It's Sunday morning in the hospital and Eddie is looking tremendously better. That is indeed a blessing. Eddie was hospitalized several days ago with pneumonia -- not something a young man with significant special needs wants added to his issues. Eddie, however, is the perfect patient, somehow understanding and fulfilling the obligation to be quiet and allow his body to recover. And, in being the perfect patient, he endears himself to all who see him.
(You might recall several months ago when I began this blog, I posted about another Eddie hospitalization. It seems God recognizes my need to be encouraged during Eddie's hospital stays. And, so this stay was no different.)
Yesterday, I posted in Will They Eat This? # 12 the joy of hospitality. This morning after I ordered Eddie's and my breakfasts (wish I had my camera for another installment of Will They Eat This? -- but, sparing you the gruesome photos, I'll tell you the stats and the verdict right now -- stats: we ate it with gratitude only because we had to; verdict -- as a prayer: Please, Lord, keep us healthy and help them to improve upon institutional food! We'd rather not eat this again!) , I had a chance to receive hospitality in ways that surprised me. Hmmm...hospital hospitality -- it's not an oxymoron?
I was greeted by the technician, a lovely woman named Joanna, who, with a smile and personality that would cheer even the sickest of patients, brought sunshine into the otherwise nondescript and dimly lit room. Eddie awoke with a smile, obviously feeling more like himself today than in previous days. Joanna couldn't love him enough, careful to speak sweetly and move him gently. It was so comforting to watch that confidence and tenderness. And, I'm sure that she offers a similar type of care to all of her patients. But, she saw something very special in my boy. I didn't have to tell her that he needed "special" treatment. It was certainly clear that to Joanna, being a nursing technician meant always providing care and comfort, not just taking care of the business of probing and charting.
I was in a good place after that experience for Eddie. I thought to myself that we would have a good day. Eddie and I would revel in being inspired by the love and hospitality brought to us by Joanna.
And, then our breakfasts arrived, delivered by yet another sweet member of the hospital staff.
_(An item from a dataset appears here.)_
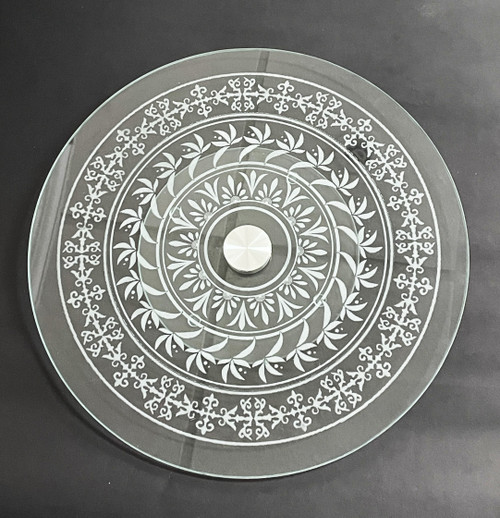 Wall Art - Words of Wisdom / HD-WAWI-3035: Glass Lazy Susan - Leaf Design - 1/4" Tempered Glass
Her name I don't recall, it was Indian in origin, I believe. Although neither her ethnicity, nor her name is of any real importance here, her comments are what I won't soon forget. From outside the door, she greeted Eddie and said, "Hello, my boy!" It was nice, but certainly a odd thing for someone who delivers the meals to say. The other days we have been here the only words I can recall being said by the food staff were, "Room service. Can you confirm the paitent's name?" But, not this morning. Today, Eddie was more than a meal tray, more than just a patient -- he was a person. To this particular woman, he was a very special person. And, to me, she became one instantly.
As she continued to speak with me -- yes, confirming Eddie's name and meal request -- she said, "He is pure of heart -- so very close to God." Tears came to my eyes and I thought to myself, God is certainly making us feel very welcome here today, and we have done nothing besides be present in the moment.
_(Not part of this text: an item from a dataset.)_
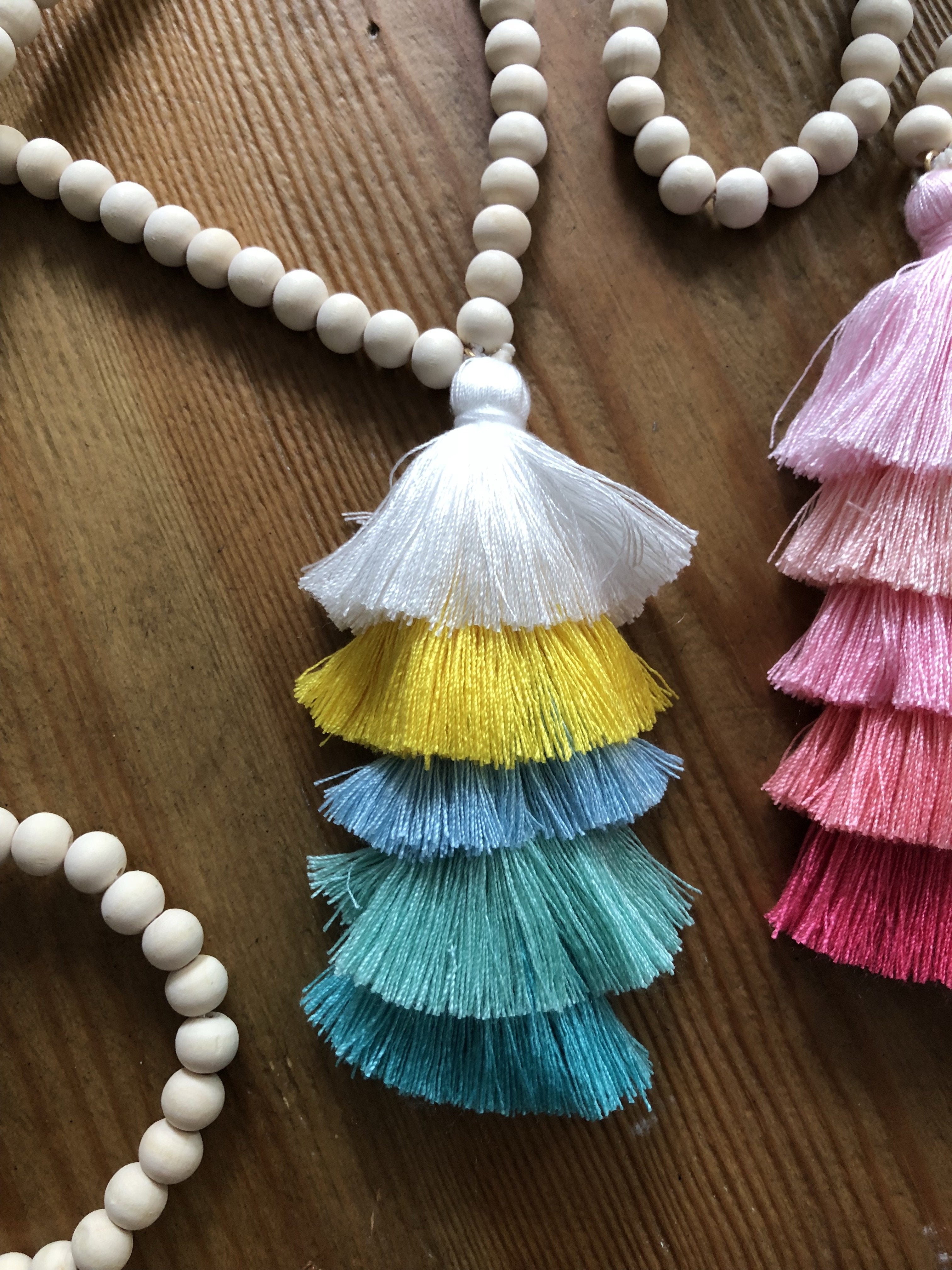 The Ella Wood Bead Pendant Necklace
It is often in the times when we are least able to control our circumstances that God sends those messengers to bolster our spirits. They bring hospitality and comfort. They live Hebrews 13:2 which reads:
Do not neglect to show hospitality to strangers, for thereby some have entertained angels unawares.Not knowing who we are, but caring for us and welcoming us with love regardless is the sign of true hospitality. These wonderful women had nothing to offer to us but their kindness, the gift that God had given to them to share with others. It sparked in me a gratefulness that, on a morning when I easily could have succumbed to fatigue and grouchiness, I witnessed love for my son and for me that warmed my heart through and through. It was a message sent to inspire hope.
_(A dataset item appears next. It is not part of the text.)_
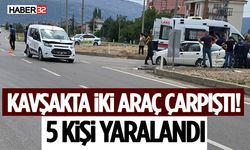 Kavşakta İki Araç Çarpıştı! 5 Kişi Yaralandı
It's funny where you can meet hospitality if you care to look. I never would have thought this place "hospitable" before, but my mind had changed. This morning, it is not just a facility to treat the sick, it is a place where the most fragile and their families can receive shelter, food, clothing, care -- the corporal works of mercy can be seen lived out right here. That doesn't mean for a moment that I will lower my defenses in the appropriate care of my son during his hospitalization, but thanks be to God for these women who brought the love of Christ to us through their work. St. Josemaria Escriva writes in The Way this marvelous little quote:
A little act, done for Love, is worth so much! (#814)We were so blessed this morning by not one, but two, little acts, done for Love!